Au regard de ce cadre constitutionnel, le Conseil constitutionnel relève que les dispositions contestées font obstacle à ce qu'une demande en réhabilitation judiciaire puisse être formée par une personne condamnée à la peine de mort, dont la peine a été exécutée. Elles font également obstacle à ce qu'une telle demande soit formée par ses proches dans l'année de son décès, conformément au premier alinéa de l'article 785 du même code.

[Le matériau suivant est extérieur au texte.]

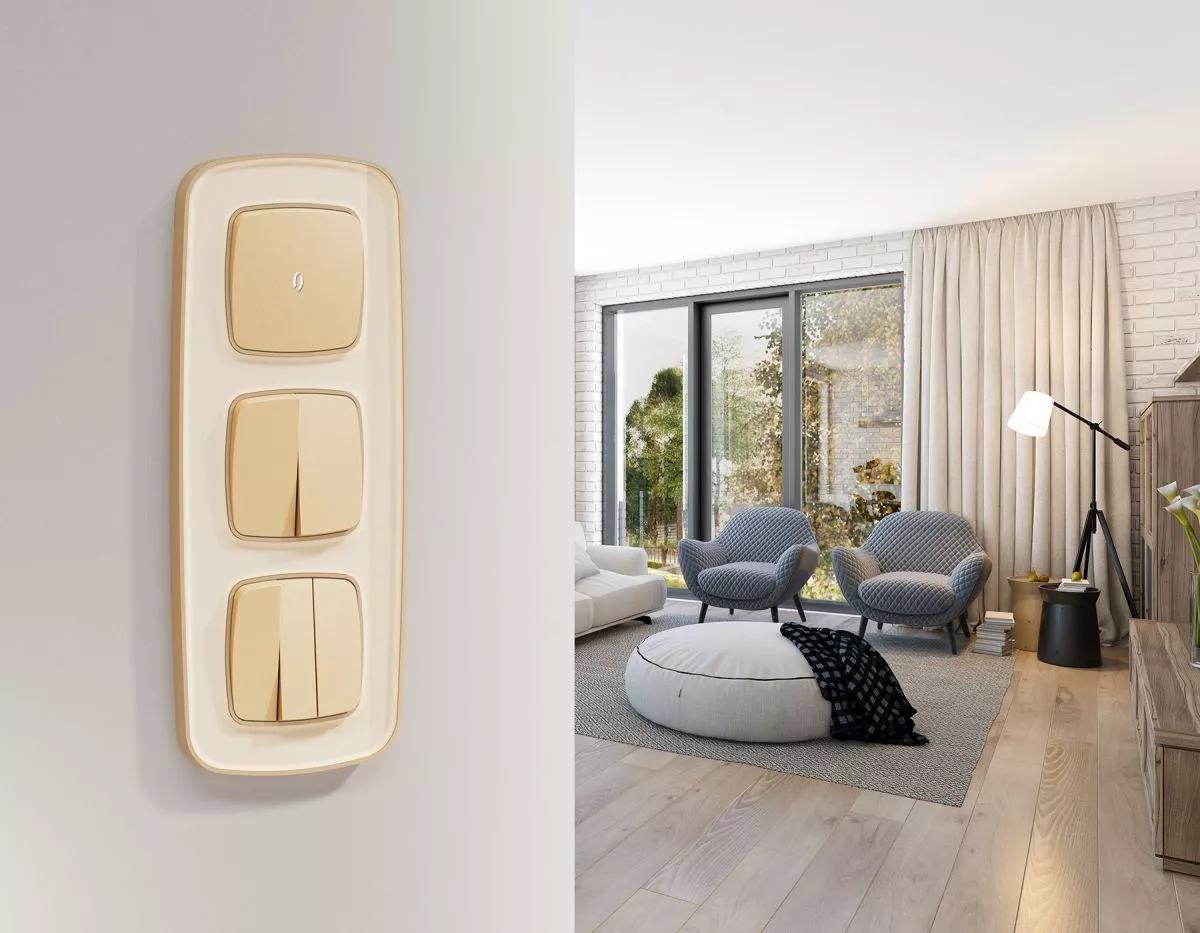 

Комплект механизма 2-клавишного перекрестного выключателя Ambrella Volt 10A-250V OMEGA MO603030 Шампань QUANT (OP6030, VM125)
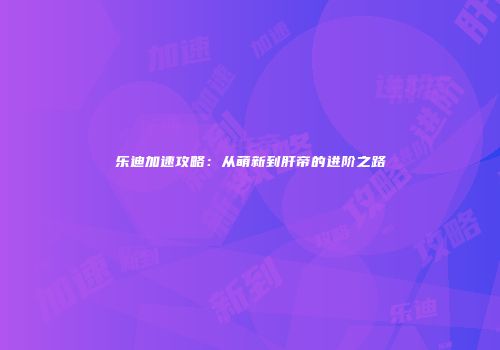 乐迪加速攻略：从萌新到肝帝的进阶之路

Toutefois, en imposant le respect d'un délai d'épreuve de cinq ans après l'exécution de la peine, le législateur a entendu subordonner le bénéfice de la réhabilitation à la conduite adoptée par le condamné une fois qu'il n'était plus soumis aux rigueurs de la peine prononcée à son encontre. À cet égard, il résulte de la jurisprudence constante de la Cour de cassation que la réhabilitation judiciaire ne peut être accordée qu'aux personnes qui, après avoir été condamnées et avoir subi leur peine, se sont rendues dignes, par les gages d'amendement qu'elles ont donnés pendant le délai d'épreuve, d'être replacées dans l'intégrité de leur état ancien. Dès lors, les personnes condamnées à la peine de mort et exécutées se trouvaient dans l'impossibilité de remplir les conditions prévues par la loi. Ainsi, la différence de traitement qui résulte des dispositions contestées repose sur une différence de situation et en rapport direct avec l'objet de la loi.

Le Conseil constitutionnel souligne toutefois que, après l'abolition de la peine de mort par la loi du 9 octobre 1981, le constituant a, par la loi constitutionnelle du 23 février 2007, introduit dans la Constitution l'article 66-1 aux termes duquel « Nul ne peut être condamné à la peine de mort ». Dans ces conditions, le législateur serait donc fondé à instituer une procédure judiciaire, ouverte aux ayants-droit d'une personne condamnée à la peine de mort dont la peine a été exécutée, tendant au rétablissement de son honneur à raison des gages d'amendement qu'elle a pu fournir.

Par ces motifs, le Conseil constitutionnel écarte la critique tirée de la méconnaissance des principes d'égalité devant la loi et la justice et juge, après avoir écarté l'autre grief soulevé par le requérant, que les dispositions contestées sont conformes à la Constitution.